JORGE BUSTOS-EL MUNDO

Tardaremos años en coser el desgarro institucional que está produciendo el sanchismo, esa agencia de viajes matrimonial con cargo al dinero de los españoles y a los votos de quienes odian serlo. «La cuestión no es que Rufián sea un portero de discoteca carnicero, porque eso ya lo sabíamos, el problema es que el carnicerito abre y cierra la válvula del regulador que te proporciona oxígeno para seguir en La Moncloa». Este whatsapp no me lo manda un diputado de la oposición: me lo manda un diputado que lo fue todo en el PSOE y que sabe que será purgado en las próximas listas. Está condenado al silencio de los corderos y a mí me gustaría que lo rompiera en público, pero al menos él no es como otros susanistas que se rebajan a pelotear a Adriana Lastra en la esperanza de prorrogar su nómina pública. A Lastra, que en vez de salir en defensa de Borrell se apresuró a disculpar al matón de ERC que «tan solo amagó» con escupirle cuando pasó a su lado. Pero claro, Josep tiene su carrera hecha y Adriana es… Adriana.

El pánico a perder el escaño amordaza la voluntad de los culos de carné pero todavía no embota sus inteligencias tanto como para no convenir en la terrible degradación, en la vileza parlamentaria de esta bochornosa hora española en la que solo la ausencia de pistolas nos distancia de los años 30, cuando Pasionaria amenazaba al banco de la oposición directamente con el asesinato. Respecto de eso el escupitajo constituye un progreso, ciertamente. Mejor un zoo de llamas escupidoras que un cementerio.

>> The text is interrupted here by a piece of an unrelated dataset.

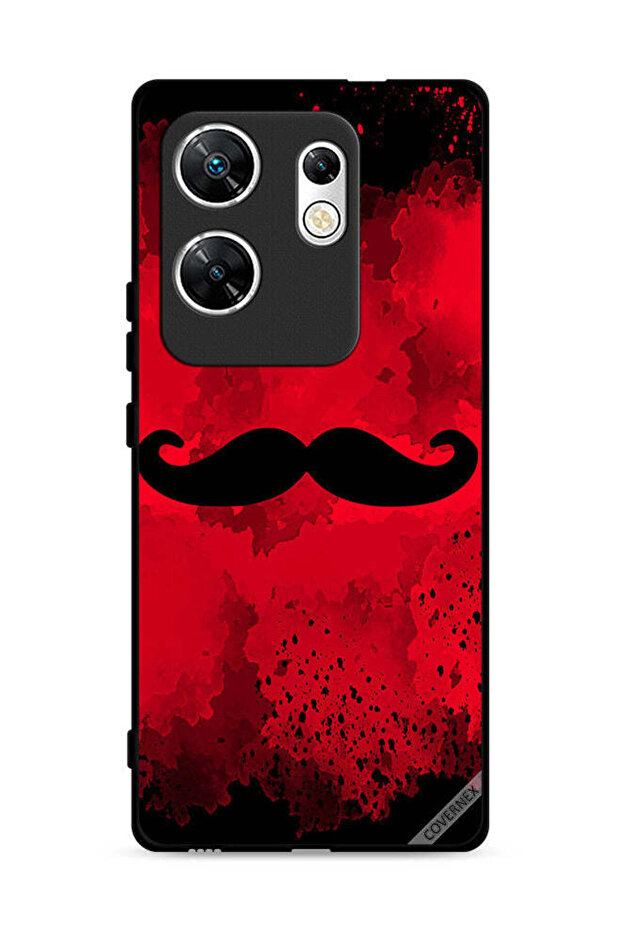 غطاء حماية لهاتف Infinix Zero 30 4G بتصميم شارب
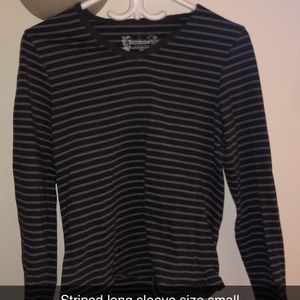Strip long sleeve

Era cuestión de tiempo que el menos sanchista de los ministros, Josep Borrell, recuperara algo de su orgullo herido por la sumisión a un tipo como Pedro Sánchez, cuya catadura personal solo difiere de la de Rufián por la ficción que crea el desahogo de sus asesores. Solo Borrell en este gabinete de violinistas del Titanic conserva la elocuencia y el arrojo para poner en su sitio a Gaby, el bubónico payaso del serrín y del estiércol. Aunque en su sitio, que es la calle, lo puso Ana Pastor en una de las mejores decisiones de su carrera, si bien le sobró el lacrimógeno discursito posterior de reivindicación propia –«¡Me han llamado institutriz!»– cuando a quien queríamos oír es a Borrell, no a Pastor. La bancada entera de Ciudadanos se levantó en bloque para aplaudir al ministro de Exteriores, pero la víspera Tardà había llamado fascista siete veces a Albert Rivera y los socialistas entonces se rieron por lo bajo. Por eso todo el mundo en ese hemiciclo odia a los naranjas: porque después de apaleados aún tienen la elegancia de aplaudir al adversario cuando coinciden con él. En eso, como en la independencia judicial o el pactismo a varias bandas, denotan una extravagancia casi extranjera, pese a su profesión de españolidad.

La sesión deparó algunas otras miserias. La incomprensible decisión de Pablo Casado de elegir el día después del marchenazo para presumir de respeto a la separación de poderes en una pregunta sobre Andalucía. La psicopática capacidad de Sánchez para disociar el Sánchez hablante del Sánchez actuante cuando reprocha a Casado que se haga muchas «fotitos». La soviética fantasía de Pablo Iglesias de que Bankia nunca deje de ser un banco nacionalizado porque, ya se sabe, los bancos públicos son paradigmas de transparencia gestora (y a Moral Santín lo encontramos en la calle). La ridícula soberbia que Carmen Calvo vuelca sobre Dolors Montserrat cada miércoles como si Carmen Calvo supiera distinguir entre un gobierno constitucional y uno constitucionalista. El rifirrafe tabernario entre Dolores Delgado y Rafa Hernando, dos personas distintas y una sola naturaleza. La sombra recesiva estilo 2009 que sondeé en los ojos de Montoro, a quien felicité por elaborar los próximos Presupuestos Generales del Estado, como de costumbre. Pero la rufianada lo opacó todo, lo envolvió todo en el gran abrazo de fango donde chapotea ya el parlamentarismo español, cieno hasta las rodillas, garrote goyesco en las manos.